No matter what one's current politics are (including Windschuttle's or Reynold's) some of the blatant untruths Windschuttle uncovered go too far in compromising integrity and standards of history writing.

It doesn't matter what we think of him; it's the history that matters. I was already aware of and opposed to racist behaviour when I became a Reynolds student, and I believed him (and others). I was devastated to think that our ancestors had been so cruel. I didn't need those lies and having grieved over them for years, I feel duped and cranky about it.
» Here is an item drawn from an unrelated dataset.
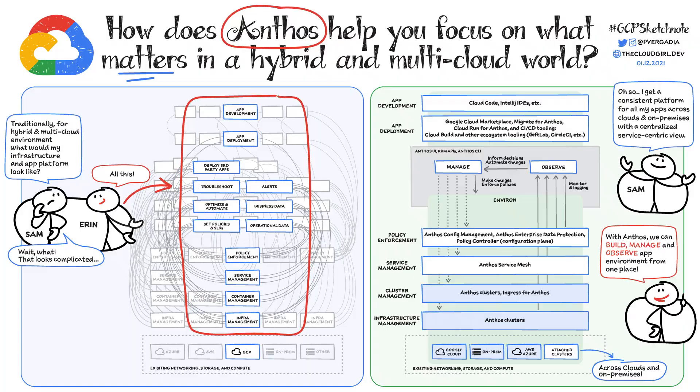Thank you for tuning in to GCP's Sketch Note, where we learn about one Google Cloud service at a time. I am Priyanka Vergadia, and in this video, we are covering Anthos, a tool that helps make application modernization easy in hybrid and multi-cloud world.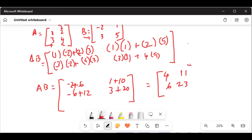That is equal to: 6 minus 2 is 4, then 10 plus 1 is 11, and 12 minus 6 is 6, and 23. Do not hit the exit button right away, because I will give you a tip at the end to show how to do this in a much easier way, so please hang around.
As I said, the facts alone were enough to understand that there were wrongs that needed/need to be put right.

For example:

"In discussing one of the key documents of early Tasmanian history, the final report by Lieutenant-Governor George Arthur about the infamous Black Line of 1830, Henry Reynolds wrote in his book Frontier: "he argued that such was the insecurity of the settlers that he feared 'a general decline in the prosperity' and the 'eventual extirpation of the Colony'."[4] Arthur's actual words, however, were: "a great decline in the prosperity of the colony, and the eventual extirpation of the aboriginal race itself."[5] Arthur's concerns were not about the survival of the colony but of the Aborigines."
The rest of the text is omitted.